# [WHAT THE EXERCISE ASKS]
Of the entries below, return only those lines from the line with "Product foto van" to the line with "Fototapeta premium Wild", exactly, both included.

# [DATA EXCERPTS]
━━━━━━━━━━━━━━━━━━━━━━━━━━━━━━
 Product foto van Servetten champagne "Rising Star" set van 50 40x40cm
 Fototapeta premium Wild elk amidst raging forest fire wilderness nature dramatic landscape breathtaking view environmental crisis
━━━━━━━━━━━━━━━━━━━━━━━━━━━━━━
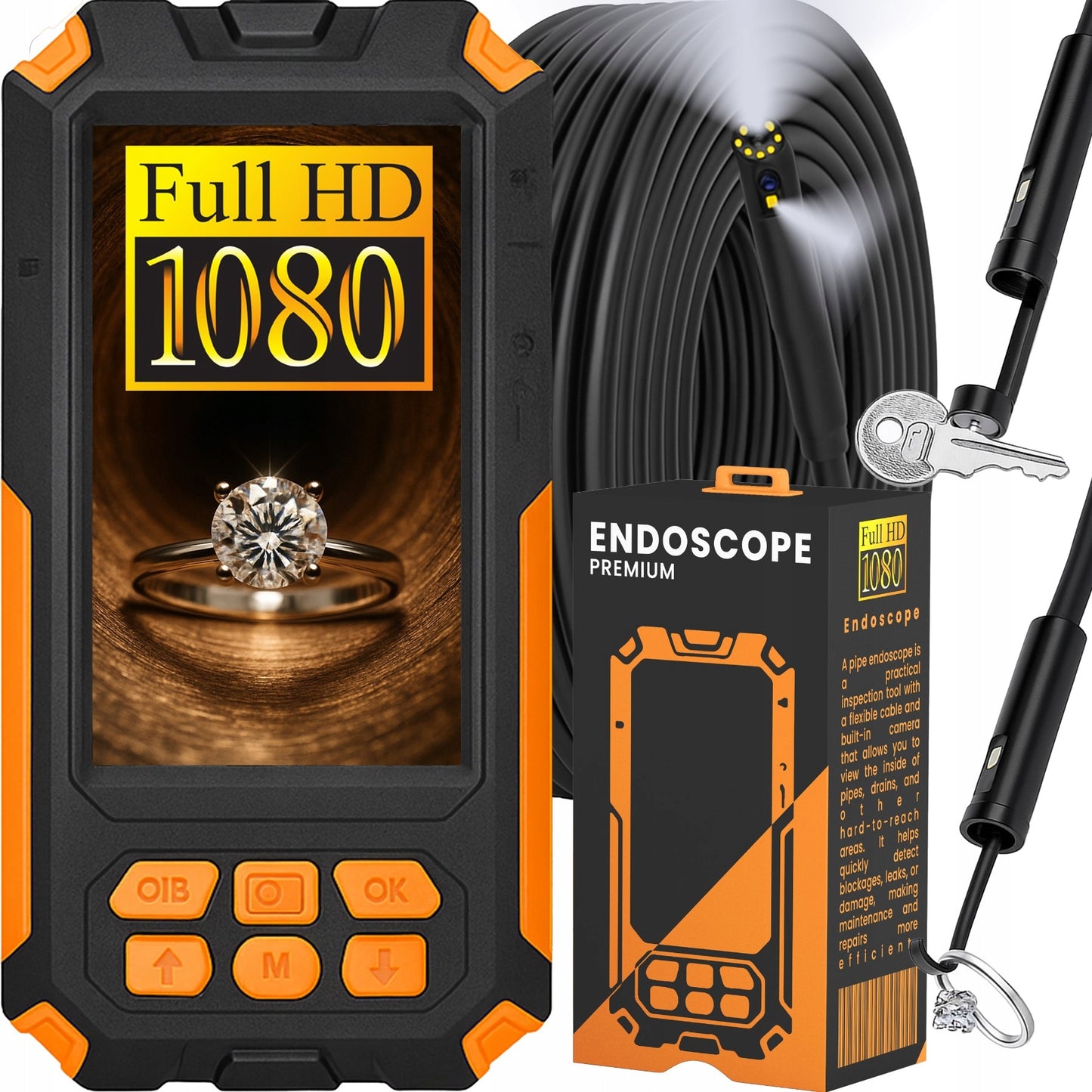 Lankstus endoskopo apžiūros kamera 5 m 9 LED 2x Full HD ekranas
━━━━━━━━━━━━━━━━━━━━━━━━━━━━━━
# [OUTPUT OF THE TASK]
 Product foto van Servetten champagne "Rising Star" set van 50 40x40cm
 Fototapeta premium Wild elk amidst raging forest fire wilderness nature dramatic landscape breathtaking view environmental crisis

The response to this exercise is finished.